One word of caution with this approach, because there is no locking in the database, only read access is permitted. Actions that involve changing or writing new data into the database cannot use the alias and must, instead, be passed to a specific database server. This read-only replication mechanism is also deployed in the Ensembl Web site to improve throughput, where the Web site requests are mainly read only.
Distributed Resource Management
Some kind of distributed resource manager (DRM), often called batch-queuing system, is essential to enable optimal use of any farm setup. To work with clusters without a low latency interconnect, work load must be able to be parallelized simply by breaking the job down into simple units. However, to achieve this level of parallelism, one requires vast numbers of individual jobs. The queuing system is essential to handle these multiple jobs. In the case of Ensembl, the number of jobs can approach 300,000 in total, with up to 30,000 executing concurrently.

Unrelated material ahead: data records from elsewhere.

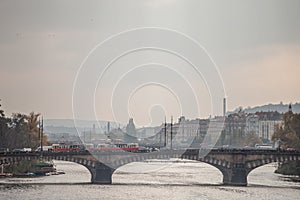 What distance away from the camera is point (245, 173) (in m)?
118

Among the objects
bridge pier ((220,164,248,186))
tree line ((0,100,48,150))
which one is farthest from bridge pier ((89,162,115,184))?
tree line ((0,100,48,150))

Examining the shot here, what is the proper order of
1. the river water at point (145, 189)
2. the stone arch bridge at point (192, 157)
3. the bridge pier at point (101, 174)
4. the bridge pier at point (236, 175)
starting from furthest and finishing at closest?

There are many options as follows:
GridEngine; http://gridengine.sunsource.net
NQS; http://umbc7.umbc.edu/nqs/nqsmain.html, and even UNIX at and batch commands, to name but a few.
The system deployed for Ensembl used LSF. This was due in part to the requirement for a commercial strength, 24 × 7 support contract; there was also in-house experience of the product; therefore, it was a relatively quick system to deploy. Many vendors offer this level of support and ease of configuration today.
The importance of distributed resource management should never be overlooked when building such clusters. It is a technology that is under constant research and development, and due diligence must be used when deciding which to deploy. The source code for the Ensembl pipeline has been modified to use a variety of queuing systems.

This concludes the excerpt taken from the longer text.